6. You went too costly
Like it or not, cost is definitely a factor when it comes to accepting stories.
“A writer may have an idea for a beautiful travelogue retracing their roots in Mongolia,” said Ekstein. “But even if it sounds like a compelling story, the cost of travel plus the cost of photography might make it impossible to squeeze in. Gone are the days of frivolous spending.”
Of course, those of us scraping by on the pennies most online publications pay these days will have little sympathy for an editor forced to reckon with a budget. But we can still take a good long look at our pitches and figure out how to trim costs. Will an editor see you as a price risk he can’t take? Will you have to take a pay cut to bring your story to life?
Some freelancers may laugh at the prospect of ever being too costly for an editor, but it’s still a factor worth considering before hitting send on your pitch. An editor may have been enchanted by your story idea, but sometimes “We have no budget” is actually true.
7. Your portfolio didn’t back up your claims
A lot of us might not want to believe it, but editors will do their research on you. Once they’ve decided they like your idea, they’ll start to get their own ideas about what your article could look like on the page. Then, they need to know you’ll deliver.
When it comes to evaluating a pitch, “I primarily care about two factors: Will it interest the audience [and] will our editors have to do too much work to get it publishable? For first-time contributors, we check writing portfolios for any red flags,” Teicher said.
Making sure an editor doesn’t find any red flags can be as easy as keeping a website or portfolio clean, accurate, and up to date. It can also mean making sure you’ve represented your background accurately, and highlighted the points of expertise that will make you the ideal person to write a story. If you don’t have the background they might be expecting, be upfront about it—in all likelihood the editor will appreciate your honesty, and it will help decrease the likelihood of headaches further down the line.

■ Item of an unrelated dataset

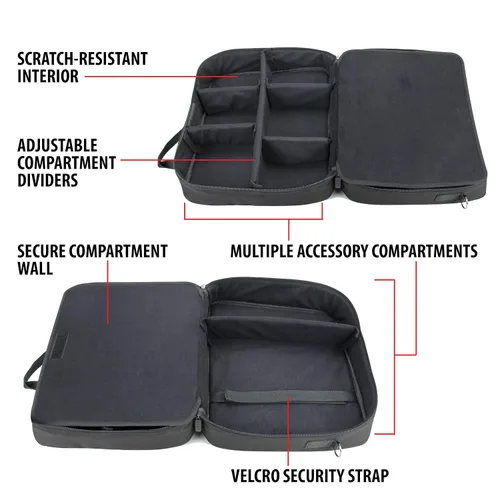 Vista 4 de Consola PS4Pro y PS3Carrying Case bolsa con correa para el hombro ajustable multiuso, interior acolchado & compartimentos de almacenamiento por USA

Another way to reassure a doubtful editor of your legitimacy as a writer is to send a lede, the first paragraph, or as much of a draft as you can muster, along with potential sources. (If you’re worried about showing your hand too early, simply describe the sources instead of naming them.) If your writing intrigues them and your reporting reassures them just enough, editors will no longer feel they’re taking a gamble on a finished product they haven’t seen. Your work will be there, proving itself.
8. You didn’t follow up
You’ve heard it before: Editors are too busy to remember to answer every email, even the ones with story ideas they like.
“There are all sorts of reasons editors might not immediately (or even promptly) respond to a pitch,” Hurley said. “[For example,] they’ve mentally filed it away to decide on later. Unfortunately—although I try to be as responsive as possible—pitches in this ‘maybe’ zone are, for me at least, the most likely to go unanswered.”
To take the fear out of following up, create a template email to send to each and every editor after a week, or two weeks, or more. Be polite, but unapologetic. Add “follow up” to the email subject line and forward your original email along with it, making it even easier for the editor to reference your original idea.
If the answer is still “No,” take Teicher’s advice and (politely) ask the editor to elaborate. You may not get the clarification you were hoping for, but you might get lucky: Some pointed advice could show you the holes in your idea, helping you whip it into shape for the next pitching attempt.
When New York Times bestselling author Susan Shapiro had a piece that never ran, she asked the editor why: “He said the piece was great but they no longer had room for it… I should try elsewhere because it had been ‘officially killed.'” One timely hook later, it was picked up by The New York Times Magazine.
“Don’t take it personally,” Teicher said, “but think about it subjectively. If you really love your idea and want to pitch it around elsewhere, then you can take the feedback and tweak your new pitches.”
As King put it, “Love your pitches, and let them go free.”